Restate the data below word for word, and let no image into your version.

START Source data

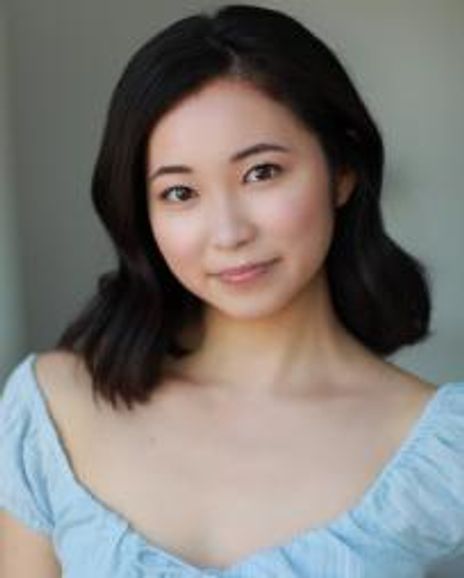 Resa Mishina Headshot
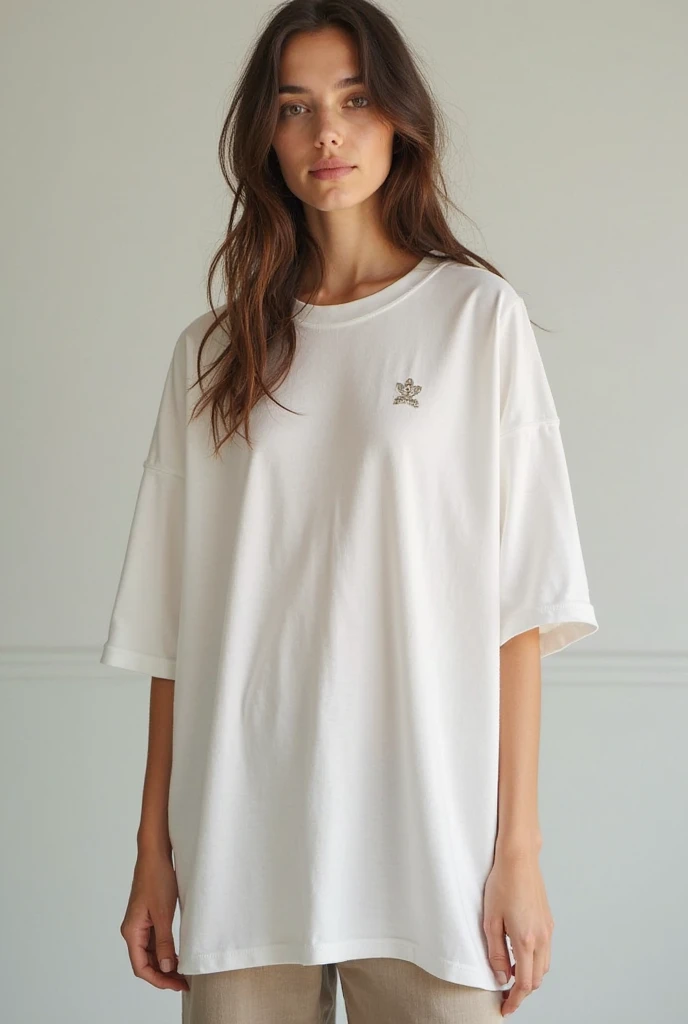 Chica,vestida con una sudadera blanca,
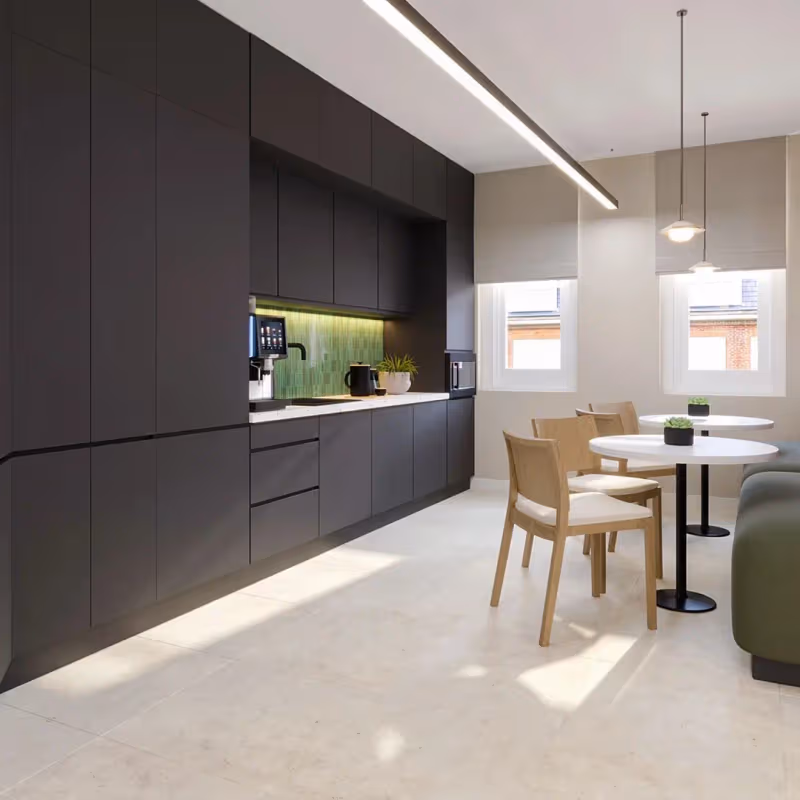 6 Sloane Street Knightsbridge, London - Image 1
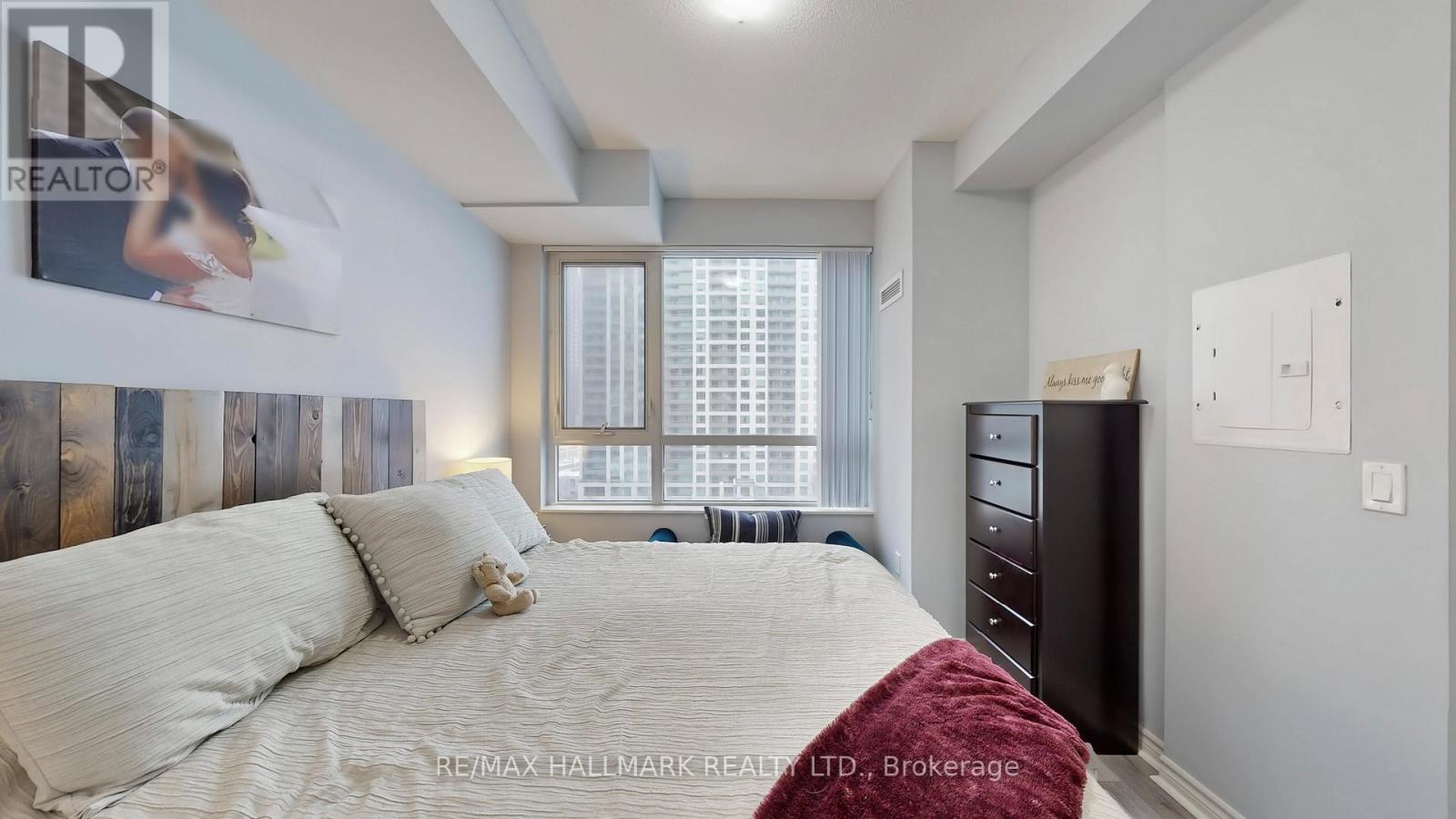 910 - 349 Rathburn Road W, Mississauga, Ontario  L5B 0G9 - Photo 13 - W13511730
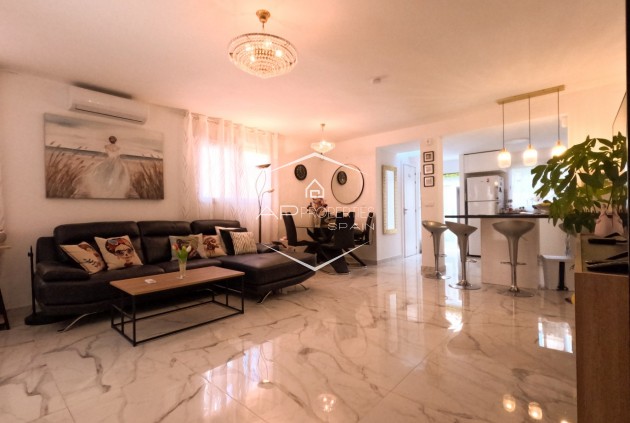 Reventa - Casa adosada / Casa adosada -
Torrevieja - El Acequión - Los Náufragos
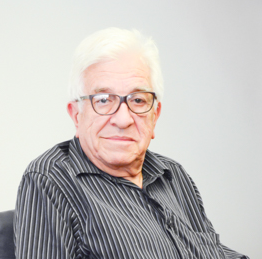 Victor Hugo Castro Araya (1939-2020)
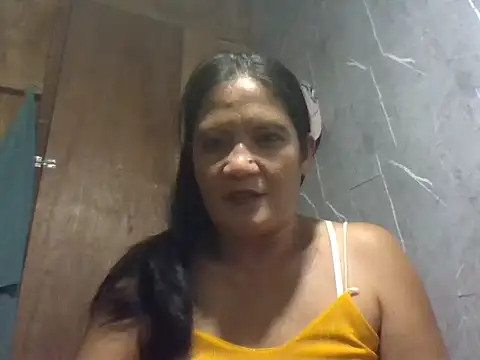 Snapshot of PinayZaira chatting on 07/06/26, 11:40 PinayZaira online show from 07/06/26, 11:40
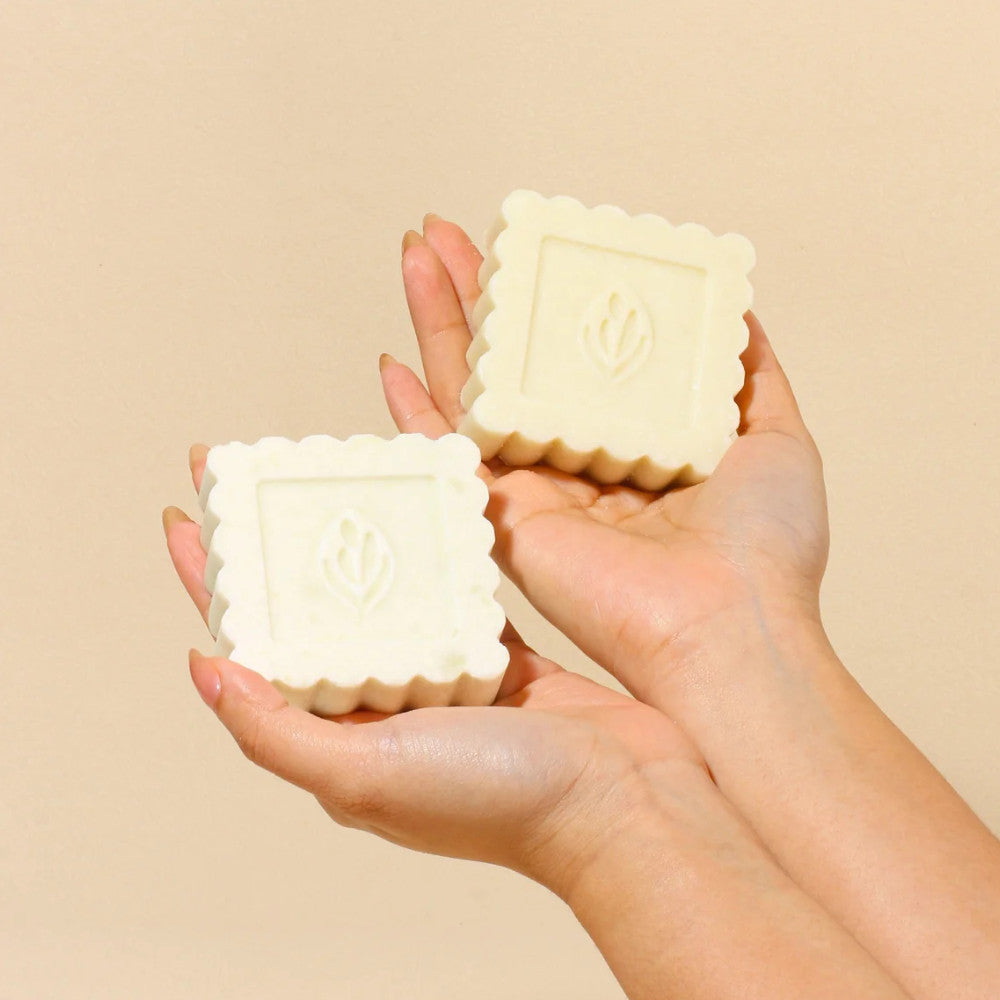 Cleansing & Moisturizing Body Butter Bar - Revitalizing White Moss 95g | Pili Ani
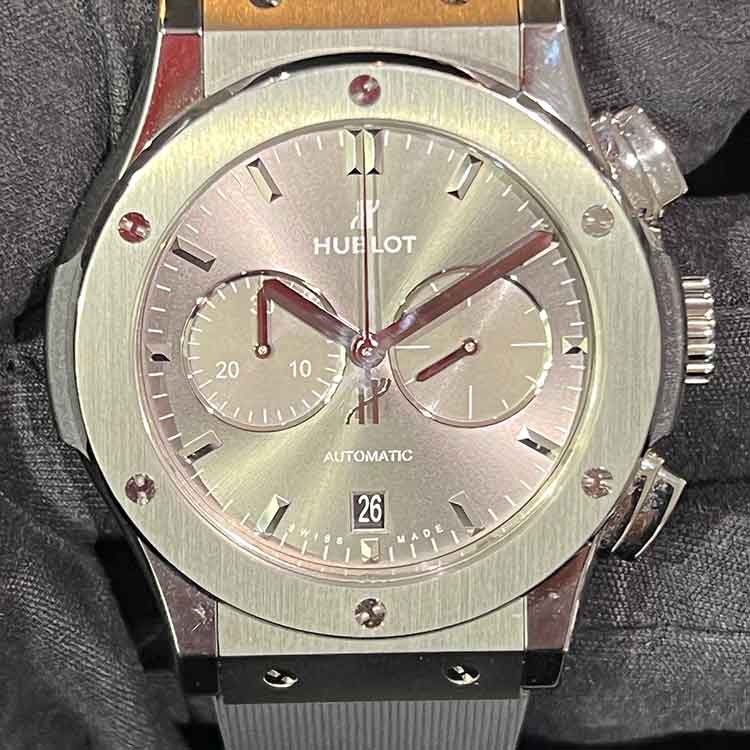 ウブロ クラシック・フュージョン クロノグラフ 42mm グレー文字盤 Ti/ラバー 541.NX.7070.RX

END Source data

_Response for this exercise_
 Resa Mishina Headshot
 Chica,vestida con una sudadera blanca,
 6 Sloane Street Knightsbridge, London - Image 1
 910 - 349 Rathburn Road W, Mississauga, Ontario  L5B 0G9 - Photo 13 - W13511730
 Reventa - Casa adosada / Casa adosada -
Torrevieja - El Acequión - Los Náufragos
 Victor Hugo Castro Araya (1939-2020)
 Snapshot of PinayZaira chatting on 07/06/26, 11:40 PinayZaira online show from 07/06/26, 11:40
 Cleansing & Moisturizing Body Butter Bar - Revitalizing White Moss 95g | Pili Ani
 ウブロ クラシック・フュージョン クロノグラフ 42mm グレー文字盤 Ti/ラバー 541.NX.7070.RX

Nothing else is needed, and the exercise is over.